Pure Love is a Japanese dating sim where you date a member of a popular idol group, all of whom look the same.
The story is that you are Lucy, a foreign exchange student who is trying to learn Japanese. You are working at a fast food restaurant, when the manager of a talent agency appears. The first thing he says is, “I will have a take out. I will take you out.” After this eloquent turn of phrase, you find yourself in his car, on the way to a modeling audition.
Before all that happens, though, the manager gives you a tutorial on how to play the game.
Wait, what? Instead of putting “game” on one line, the text box split it up into “gam” and “e”? That’s weird. I hope they don’t do that ever again.
Nope! It turns out the text box in this game is broken.
This game is more or less unplayable, due to the awful text box. Half of the time, words get split into pieces. To make matters worse, the text box has a three-line limit. If a character says something more than three lines long, it gets split up into a second text box. Why? The text box clearly has room for more than three lines!
My final score for this game is a 1 out of 10, since it’s a text-based game with text that is extremely difficult to read. I couldn’t get past the prologue before deleting the game in disgust.

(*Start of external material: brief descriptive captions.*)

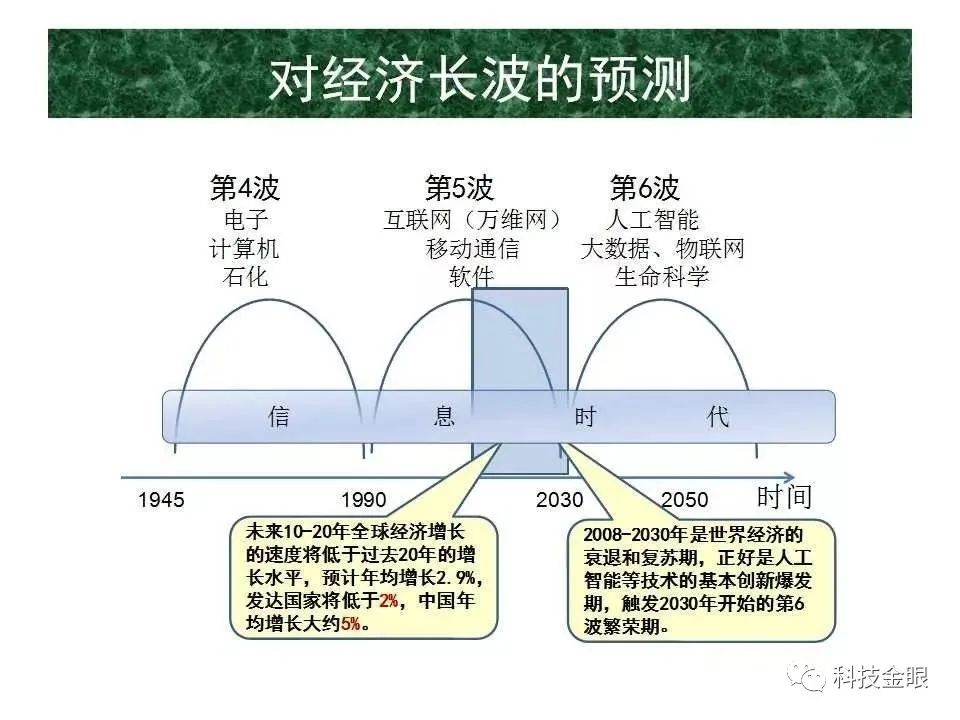 李国杰院士：关于人工智能本质和价值的13个判断，谨防重蹈覆辙！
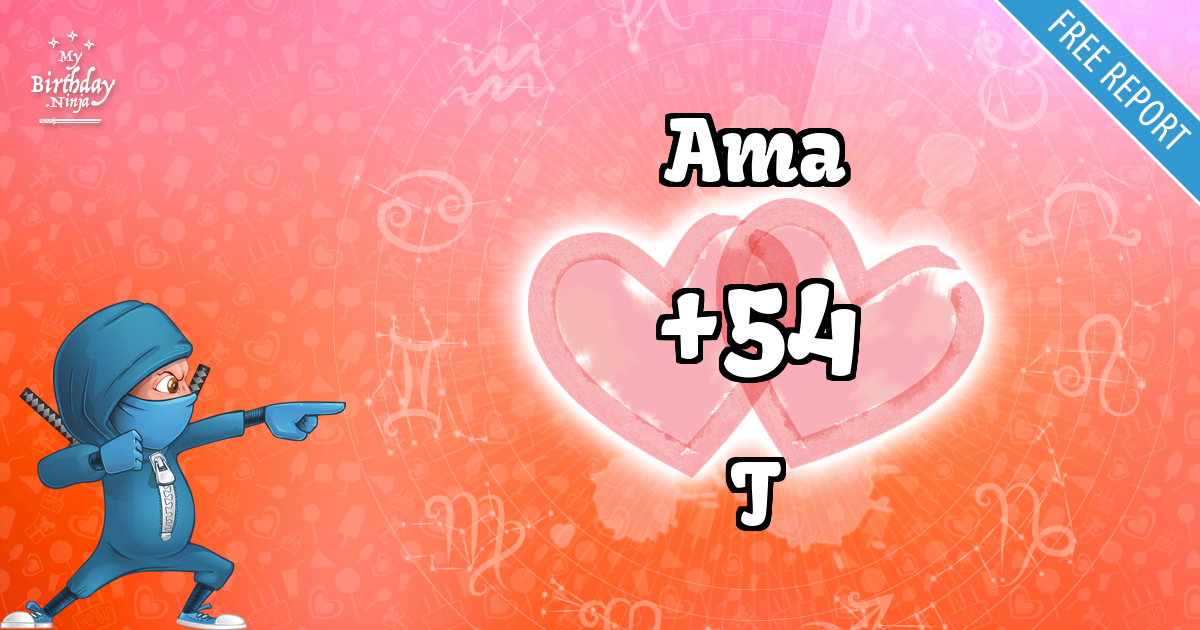 Ama and T Love Match Score
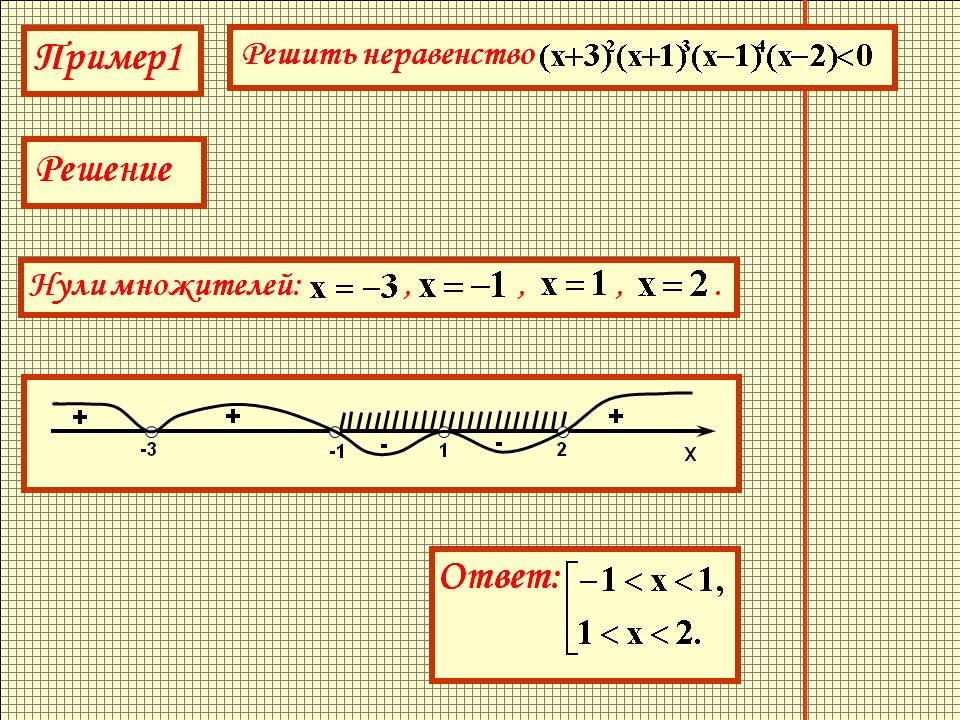 Решение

I don’t want this review to be devoid of content, so I will guess what the game’s storylines are.
Aida is a jerk who is mean to you all the time, until your love transforms him and makes him into a nicer person. At least, that’s what the game says. In reality, you just become a battered woman who is so used to his constant abuse that you don’t notice it any more.
Kanetani is “angelic and forceful”, which means he is good-looking, but he constantly puts you in awkward situations in an attempt to seduce you. If this were real life, you would sue him for sexual harassment.
Fujita is the “cool” guy, which means he doesn’t talk a lot. Dating sims believe that a lack of communication is a desirable trait in a romantic partner.
Other Fujita is the “best friend”, which means that he is desperately trying to claw his way out of the friend zone, even though you’ve told him a million times you’re not interested. The “bad ending” to his storyline is tragic.
Sorano is “sudden growth”, which means that he becomes taller over the course of the game. He’s also described as “spoiled”, which means 90% of his storyline is the same as Aida’s, but the publishers hope players don’t notice.
I dunno…based solely on the screenshots, it looks like breaking the text like that would only make the game very inconvenient to play, not altogether unplayable. It’d be like a voice-acted game with a narrator who had rampant hiccups.
To be sure, there are people who have played the game without much issue. I am not one of them.